Tioga and Crosby are among the communities that are talking about taking a step back to re-evaluate the direction of their efforts.
It’s a proper and necessary thing to do.
Communities spend a lot of money, after all, employing people and operating programs intended to achieve development.
So it’s constructive to think about what you’re doing, how you’re doing it, how it could be done better, or whether it should be done at all.
To be clear though, such re-evaluation must be driven by what the community wants to accomplish, not by what it’s too busy for.
And it would be a sad day if the conclusion is that no one has time to plan the future of their community and work for the achievement of that plan.
It doesn’t have to be traditional economic or community development. By all means, there is value to thinking outside the box and developing a blueprint unique to the community.

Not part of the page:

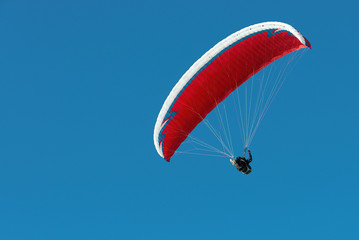 Paraglider flying in a beautiful blue sky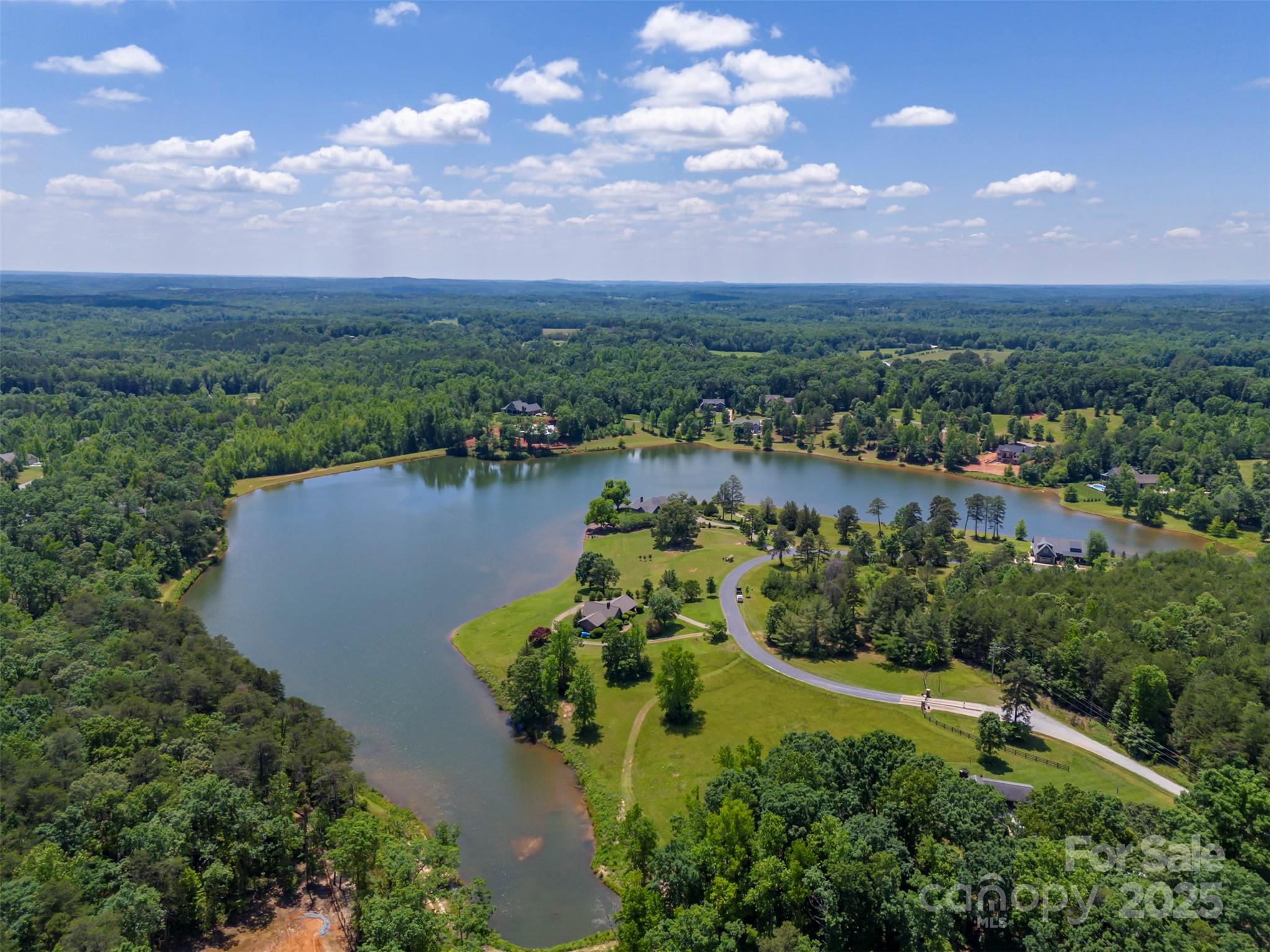 Lot 20 Mapleton Lane Tryon, NC 28782 - Photo 4 of 32 an aerial view of a houses with outdoor space and ocean view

But it has to be something.
If you were to paint a picture of your perfect home community, what would it look like?
If you were to identify things that you dislike about your community, how would you fix them?

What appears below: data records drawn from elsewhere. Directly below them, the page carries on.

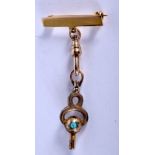 AN ANTIQUE YELLOW METAL AND TURQUOISE FOB. 6.1 grams.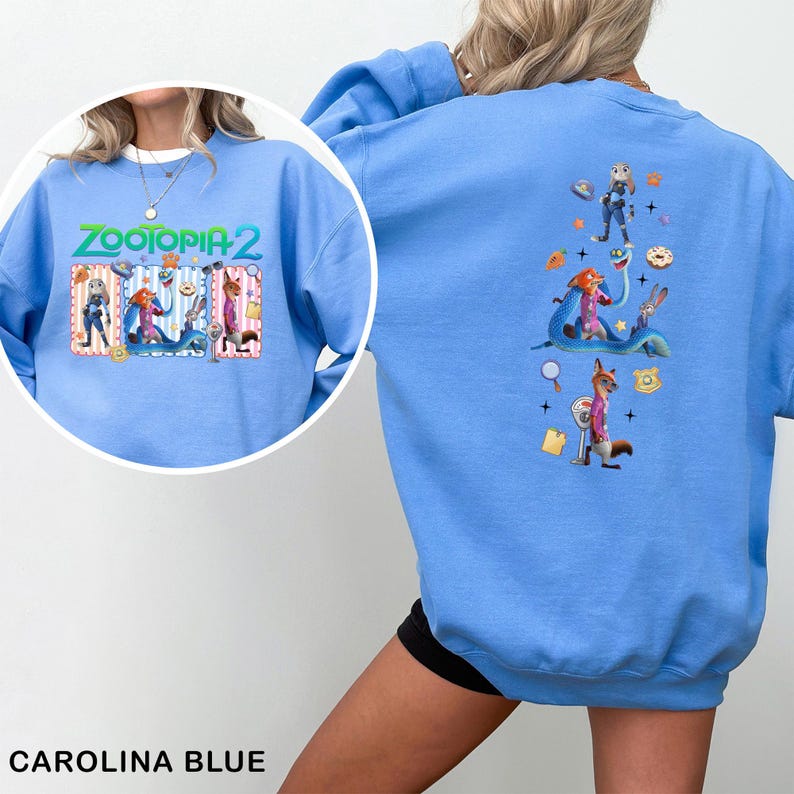 May include: Carolina blue sweatshirt featuring the text "ZOOTOPIA 2" with cartoon characters. The back of the sweatshirt displays additional Zootopia characters. A fun and colorful design for fans of the animated movie.
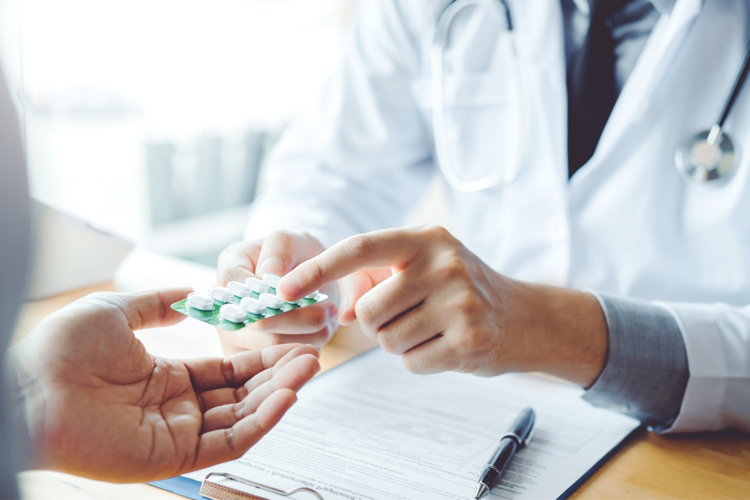 A doctor handing a patient some medicine - we recruit healthcare professionals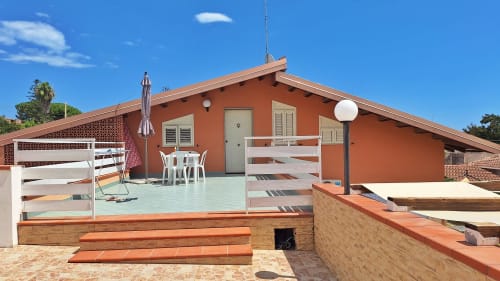 B&B Villa Matari a Fontane Bianche: casa in terracotta con terrazza azzurra, ringhiere bianche e area lounge all'aperto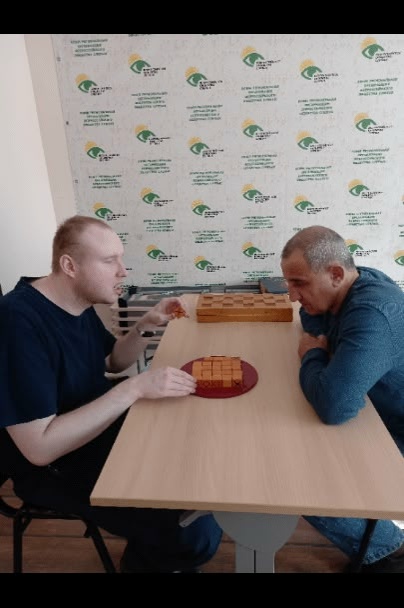 Двое мужчин играют в настольную игру с деревянными блоками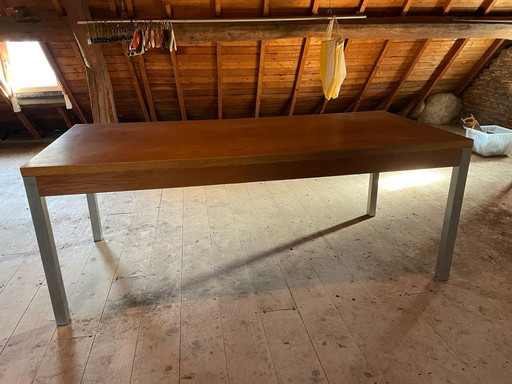 Simple modern, sleek oak table with stainless steel legs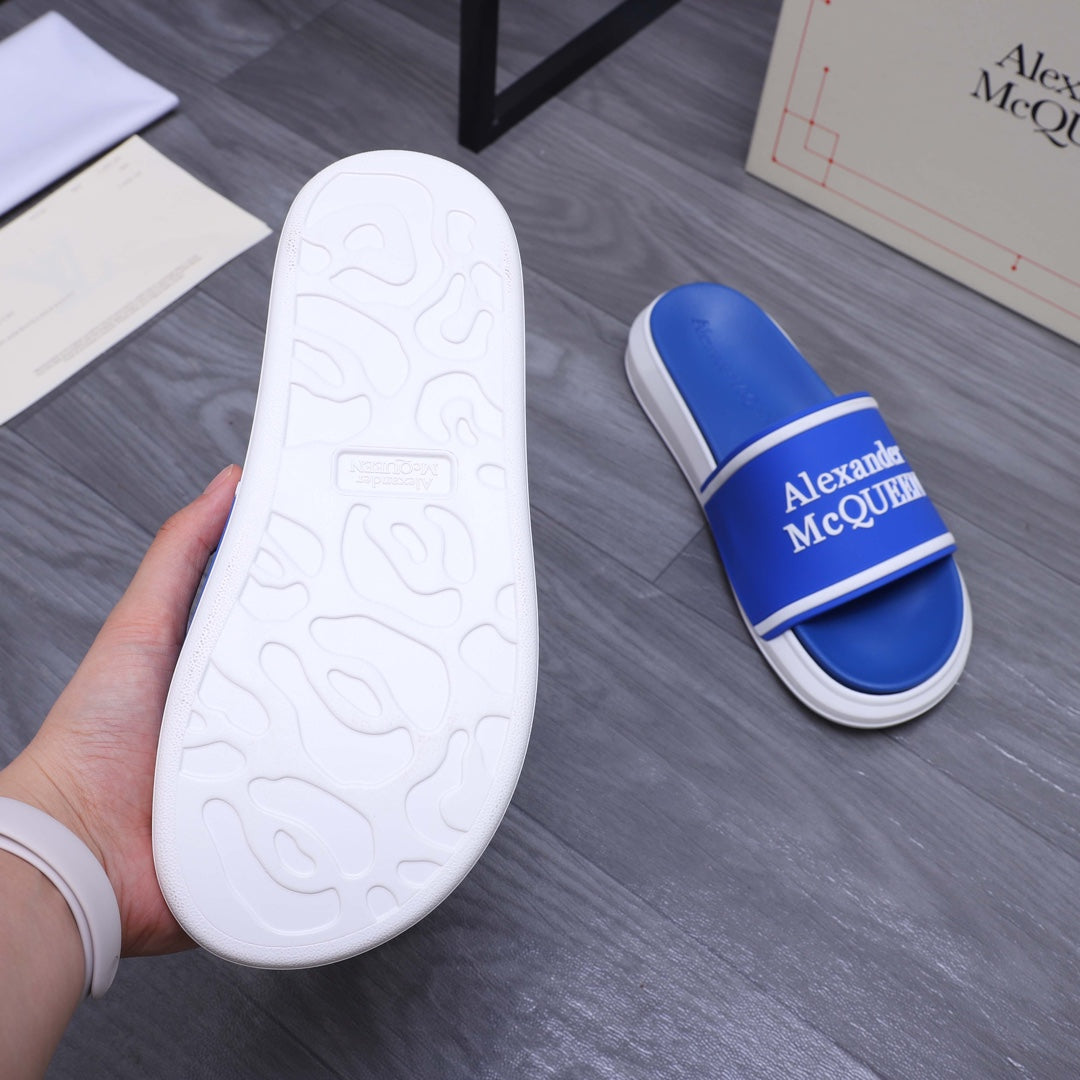 Blue slide sandal outsole view with white textured sole and Alexander McQUEEN strap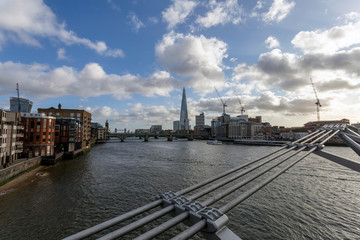 Naklejka premium View of the south bank of river Thames with the Millennium Bridge in the foreground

Are things good enough, because, after all, it’s just a small, rural community? Or do the people of your small, rural community deserve to live in a place where standards are high
Teddy Roosevelt is a good role model.
In a 1910 speech titled “Citizenship in a Republic” he articulated the sort of character that is necessary.
First, TR said, it’s not constructive to be a critic who does little more than point out the failings and shortcomings of others.
You have to be “in the arena.”
To strive valiantly.
To strive to do the deeds.
To know great enthusiasms and great devotion.
To spend yourself in a worthy cause.
There is nothing in his speech about not having the time to strive, or do the deeds, or spend yourself in your citizenship.
So please, re-evaluate how to approach economic and community development then set about getting it done.
It is not the critic who counts; not the man who points out how the strong man stumbles, or where the doer of deeds could have done them better. The credit belongs to the man who is actually in the arena, whose face is marred by dust and sweat and blood; who strives valiantly; who errs, who comes short again and again, because there is no effort without error and shortcoming; but who does actually strive to do the deeds; who knows great enthusiasms, the great devotions; who spends himself in a worthy cause; who at the best knows in the end the triumph of high achievement, and who at the worst, if he fails, at least fails while daring greatly, so that his place shall never be with those cold and timid souls who neither know victory nor defeat.